There was a time when reading was not just about the book—it was about the spectacle. I would sit in a well-lit corner, a book in hand, and let the world see me. I made sure the title was impressive, or at least difficult. The goal was never just to read, but to be seen reading. Reading was my currency, my proof of intellect. It was how I marked myself as different, as superior.
I read because I wanted to be the kid who knew things, the one who could recite facts and reference authors that other children had never heard of. I didn’t read for the joy of the story—I read to win. To prove something. To be someone. Books were trophies, not experiences.
But somewhere along the way, that stopped working.
I am no longer the precocious child with a book too large for his hands. I am 21, surrounded by people who read just as much as I did, or more. No one was impressed anymore. Worse still, I wasn’t impressed with myself. Reading had lost its magic because it is no longer a performance. Without an audience, books became just books. I find myself unable to pick them up with the same urgency. Without external validation, reading felt empty, like a party trick no one cared to see anymore.
I tried to chase that old feeling, but it was like trying to trick myself into believing in Santa again. I bought books that looked impressive on my shelf. I started novels with the same grand intentions. But I rarely finished them. And when I did, I felt nothing. No applause, no sense of accomplishment—just the hollow realization that reading alone, for myself, was not enough.

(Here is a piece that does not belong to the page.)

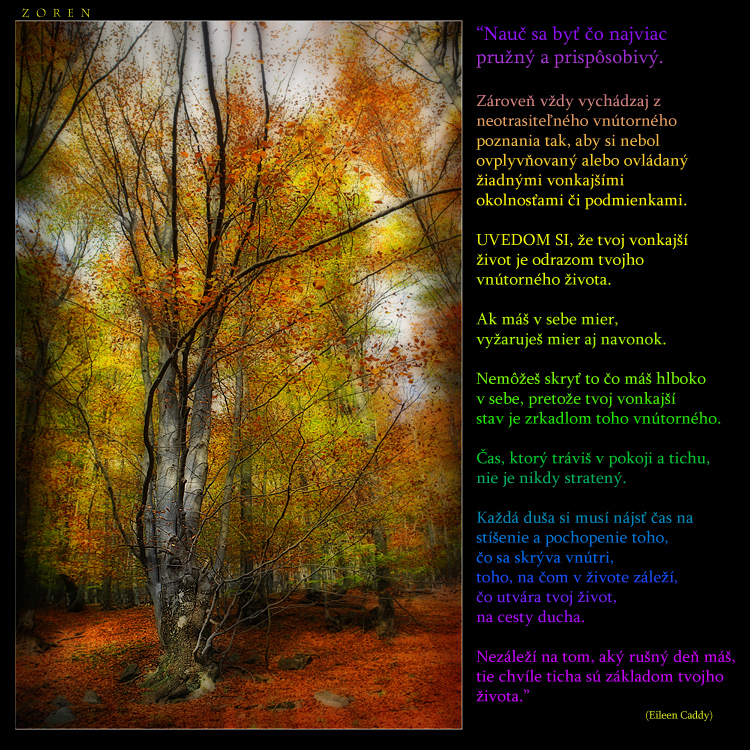 Tree-to-the-sky-x4b.jpg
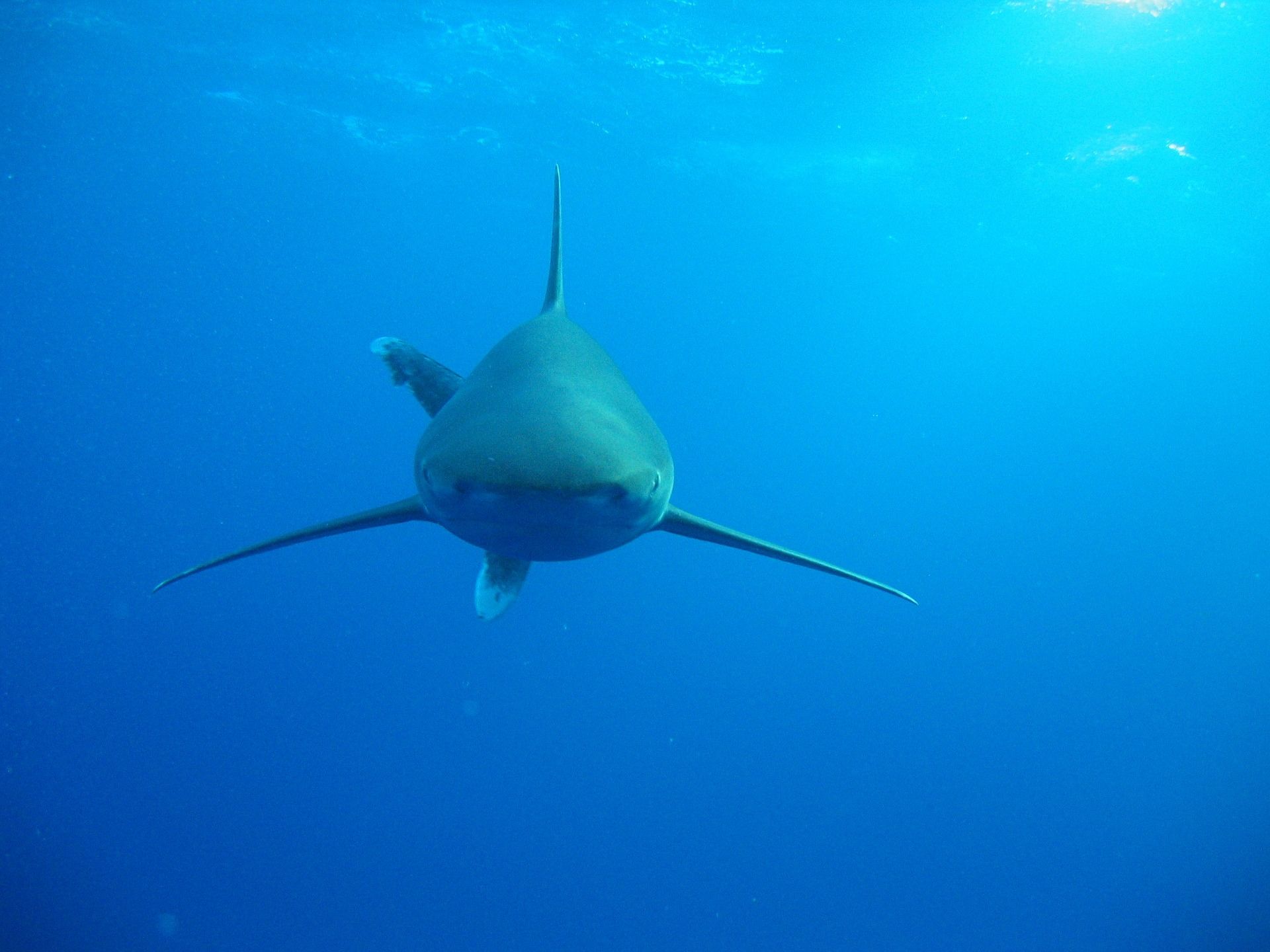 Haie im Roten Meer: Mit einem beherzten Schlag auf die Schnauze des Hais lassen sich die Raubfische in der Regel vertreiben. Foto: Pixabay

Maybe that’s the problem. Reading had always been a means to an end, a way to craft an identity rather than explore a world. And now, stripped of its performative element, I had to figure out whether I actually loved it at all. Had I ever read for myself? Did I even know what I liked to read? Or had I just been consuming whatever would make me look the best?
I wonder if this is why so many people stop reading in adulthood. As children, reading is either an obligation or a way to stand out. But when the pressure fades, when the audience disappears, we’re left staring at books and wondering if we ever truly enjoyed them or just enjoyed what they said about us.
So, what now? Do I walk away from reading, accept that it was never mine to begin with? Or do I start over, this time quietly, without expectation? Maybe I need to read the books that call to me, not the ones that I think will impress others. Maybe I need to fall in love with stories, not with the idea of being seen reading them. Maybe, after years of performance, I need to learn how to read for real.
This is so thought-provoking. I love reading so much but lately, my reading drags because I read books not because I love that particular genre but because I feel people would love me reading that or would see me as an intellectual person.
That's wrong. Making reading performative rather than enjoyable.
Thank you for sharing this.
as someone who grew up taking immense pride of how much she read, i can count on both hand the amount of books i actually remember reading, even less the actual content of them. and now after years of being unable to actually enjoy most book i try to read (and half of the time leave unfinished or have to try several times in order to read them through), i’m torn between your question of “have i ever actually enjoyed reading or did i just like the attention and validation it brought me” and this falling out with it being due to the fact that social media has fried my brain as well as my attention span.